## WHAT IS EXPECTED
Though the records contain pictures, copy none of them; repeat exactly the lines from the one with "Mercedes Benz Intouro" to the end.
↓↓↓
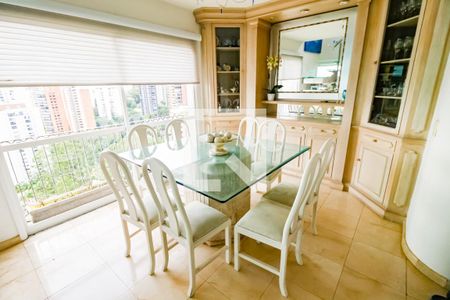 Apartamento à venda com 300m², 3 quartos e 3 vagasSala de Jantar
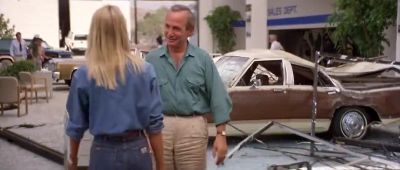 Memphis has nothing to do with it - Road House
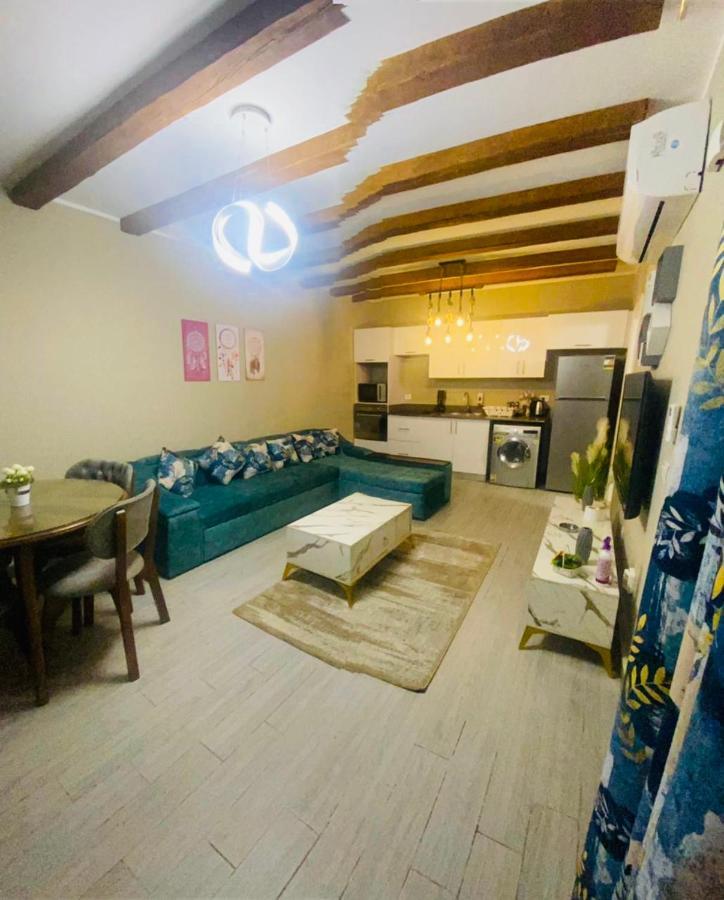 Luxvilla 1 Bhk W Private Heated Pool In Bali El Gouna Hurgada Dış mekan fotoğraf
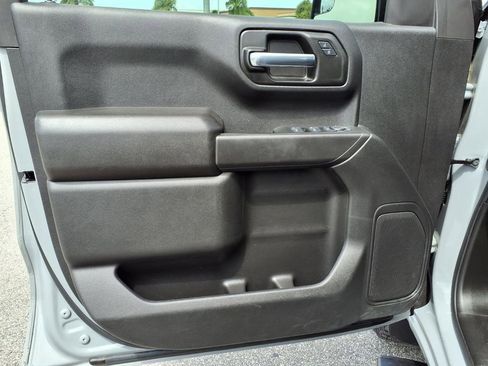 Used 2024 Chevrolet Silverado 1500 Custom Trail Boss image 22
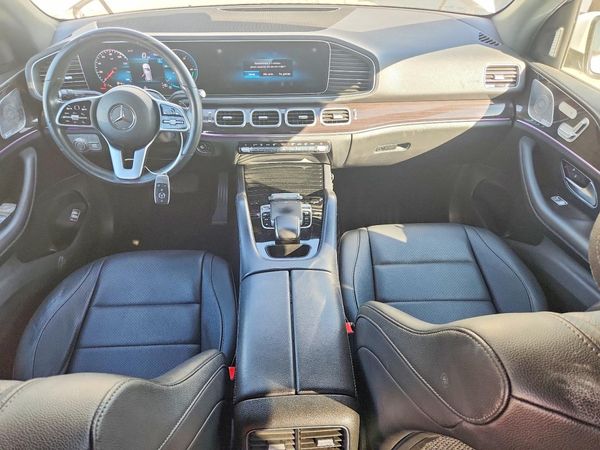 2020 MERCEDES-BENZ GLE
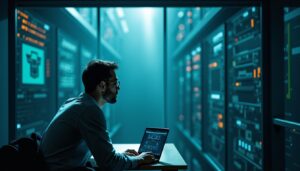 Plongée au cœur du métier passionnant de gestionnaire des systèmes informatiques et réseaux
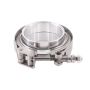 Mishimoto MMCLAMP-VA-4 Aluminum V-Band Clamp 4in. (101.6mm)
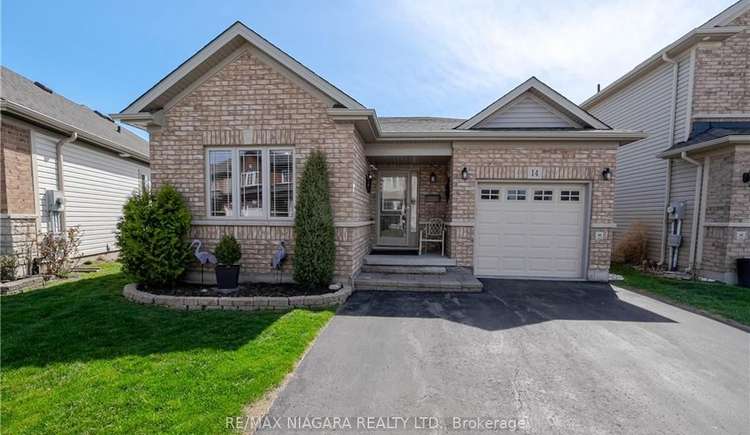 77 Avery Cres, St. Catharines, Ontario, 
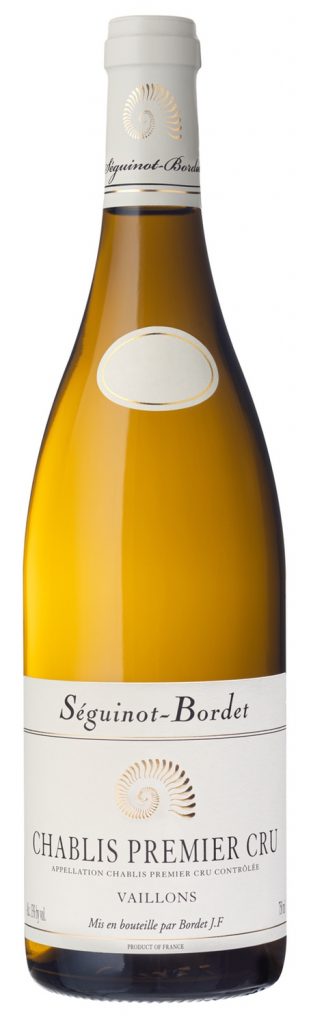 Chablis Vaillons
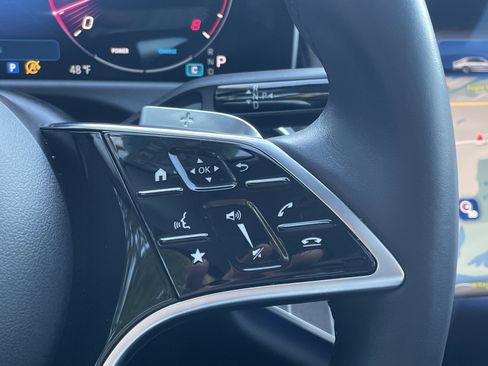 Certified 2024 Mercedes-Benz E 450 E 450 4MATICﾮ Sedan image 29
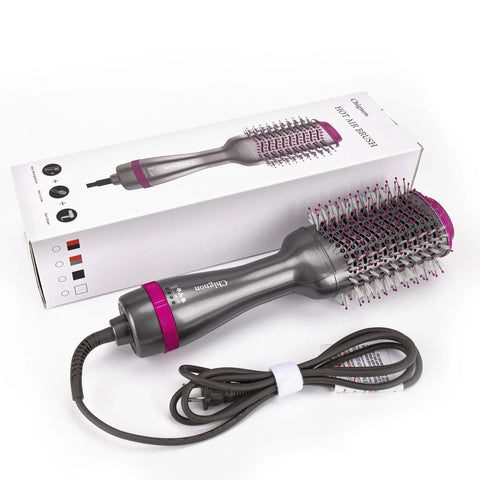 One-Step Hair Dryer And Volumizer Hot Air Brush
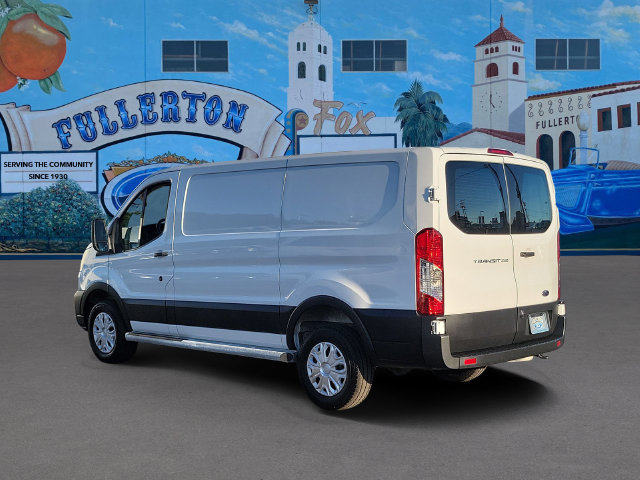 Used 2025 Ford Transit 250 Low Roof w/ Exterior Upgrade Package RWD image 3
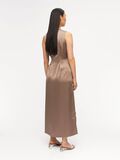 Object Collectors Item SATIN WRAP DRESS, Fossil, highres - 23040828_Fossil_004.jpg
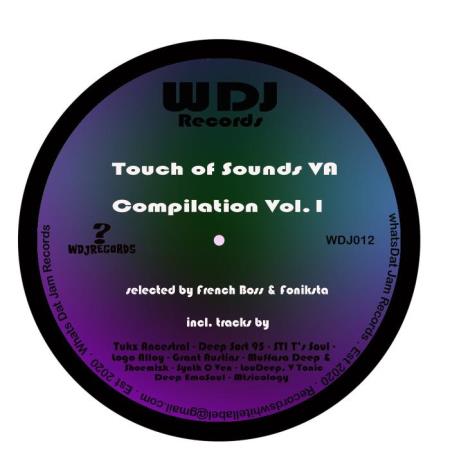 Сборник Touch Of Sounds Compilation Vol. 1 (Selected by French Boss & Foniksta) (2021)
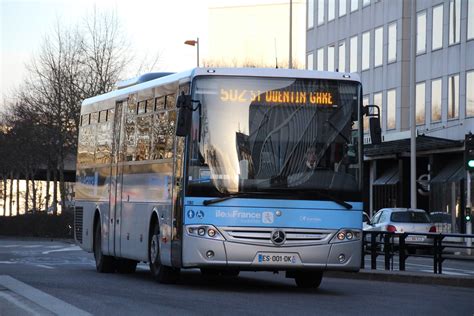 Mercedes Benz Intouro Euro En Livr E Idfm Ile De Franc Flickr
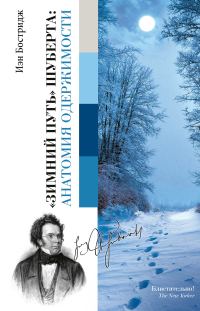 Обложка книги ««Зимний путь» Шуберта: анатомия одержимости»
↑↑↑
## SOLUTION FOR THIS EXERCISE
 Mercedes Benz Intouro Euro En Livr E Idfm Ile De Franc Flickr
 Обложка книги ««Зимний путь» Шуберта: анатомия одержимости»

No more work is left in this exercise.